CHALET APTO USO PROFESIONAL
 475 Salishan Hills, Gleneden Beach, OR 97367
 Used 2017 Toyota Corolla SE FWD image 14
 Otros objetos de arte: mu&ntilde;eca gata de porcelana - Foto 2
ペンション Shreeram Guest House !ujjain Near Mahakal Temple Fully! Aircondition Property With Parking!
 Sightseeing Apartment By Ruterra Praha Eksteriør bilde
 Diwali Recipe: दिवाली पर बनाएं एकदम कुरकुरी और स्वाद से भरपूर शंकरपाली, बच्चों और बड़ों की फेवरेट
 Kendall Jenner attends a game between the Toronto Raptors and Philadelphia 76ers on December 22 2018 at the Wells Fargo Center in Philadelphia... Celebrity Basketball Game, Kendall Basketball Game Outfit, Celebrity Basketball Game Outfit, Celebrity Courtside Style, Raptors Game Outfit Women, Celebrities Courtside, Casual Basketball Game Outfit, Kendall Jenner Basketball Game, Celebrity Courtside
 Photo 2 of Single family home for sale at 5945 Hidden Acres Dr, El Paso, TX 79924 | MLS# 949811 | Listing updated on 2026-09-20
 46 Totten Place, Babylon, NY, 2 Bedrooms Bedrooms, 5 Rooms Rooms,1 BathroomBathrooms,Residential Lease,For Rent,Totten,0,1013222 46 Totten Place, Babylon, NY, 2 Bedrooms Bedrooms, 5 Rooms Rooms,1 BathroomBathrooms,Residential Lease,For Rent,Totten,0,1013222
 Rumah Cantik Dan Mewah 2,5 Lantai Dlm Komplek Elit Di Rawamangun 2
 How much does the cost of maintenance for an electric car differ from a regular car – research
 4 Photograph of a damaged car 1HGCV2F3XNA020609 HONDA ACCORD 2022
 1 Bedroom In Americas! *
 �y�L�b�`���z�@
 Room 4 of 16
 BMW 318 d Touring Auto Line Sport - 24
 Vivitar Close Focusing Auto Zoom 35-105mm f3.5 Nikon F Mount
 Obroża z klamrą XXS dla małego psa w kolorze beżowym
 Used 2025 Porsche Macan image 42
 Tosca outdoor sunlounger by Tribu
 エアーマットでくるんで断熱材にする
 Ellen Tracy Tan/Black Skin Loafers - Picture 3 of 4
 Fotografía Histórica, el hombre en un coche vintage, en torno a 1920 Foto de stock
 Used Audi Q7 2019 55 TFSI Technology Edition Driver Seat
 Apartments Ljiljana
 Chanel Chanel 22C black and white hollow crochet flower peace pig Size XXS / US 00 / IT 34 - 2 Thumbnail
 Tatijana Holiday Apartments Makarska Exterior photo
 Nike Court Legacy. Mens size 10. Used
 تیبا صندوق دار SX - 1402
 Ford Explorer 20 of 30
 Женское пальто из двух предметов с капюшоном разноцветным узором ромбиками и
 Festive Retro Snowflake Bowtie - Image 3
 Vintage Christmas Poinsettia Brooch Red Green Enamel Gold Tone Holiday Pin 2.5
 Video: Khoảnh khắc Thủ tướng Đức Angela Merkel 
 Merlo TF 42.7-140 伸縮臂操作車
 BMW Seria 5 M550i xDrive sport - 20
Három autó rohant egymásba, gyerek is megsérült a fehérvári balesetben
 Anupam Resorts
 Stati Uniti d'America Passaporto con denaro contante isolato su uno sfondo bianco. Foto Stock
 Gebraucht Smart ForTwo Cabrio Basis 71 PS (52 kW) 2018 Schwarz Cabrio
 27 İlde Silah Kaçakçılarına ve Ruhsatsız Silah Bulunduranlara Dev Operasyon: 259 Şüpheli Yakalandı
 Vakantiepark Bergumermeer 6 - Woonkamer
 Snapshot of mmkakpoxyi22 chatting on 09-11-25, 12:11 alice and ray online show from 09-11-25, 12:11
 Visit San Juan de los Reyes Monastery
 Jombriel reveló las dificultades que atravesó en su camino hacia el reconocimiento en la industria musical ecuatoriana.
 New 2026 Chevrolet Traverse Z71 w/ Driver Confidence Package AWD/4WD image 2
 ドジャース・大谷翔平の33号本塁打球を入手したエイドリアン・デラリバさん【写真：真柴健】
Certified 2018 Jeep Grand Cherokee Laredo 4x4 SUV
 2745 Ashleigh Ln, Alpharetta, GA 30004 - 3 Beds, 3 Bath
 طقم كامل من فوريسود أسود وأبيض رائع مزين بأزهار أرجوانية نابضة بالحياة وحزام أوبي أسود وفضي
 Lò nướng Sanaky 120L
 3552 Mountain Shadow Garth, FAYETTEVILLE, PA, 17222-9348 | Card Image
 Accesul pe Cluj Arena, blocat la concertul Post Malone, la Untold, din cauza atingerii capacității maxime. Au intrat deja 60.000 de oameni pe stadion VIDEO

DESCRIPTION OF THE TASK: Nothing but the lines with "Used" should be returned, copied from the entries above.

FINAL ANSWER:
 Used 2017 Toyota Corolla SE FWD image 14
 Used 2025 Porsche Macan image 42
 Used Audi Q7 2019 55 TFSI Technology Edition Driver Seat
 Nike Court Legacy. Mens size 10. Used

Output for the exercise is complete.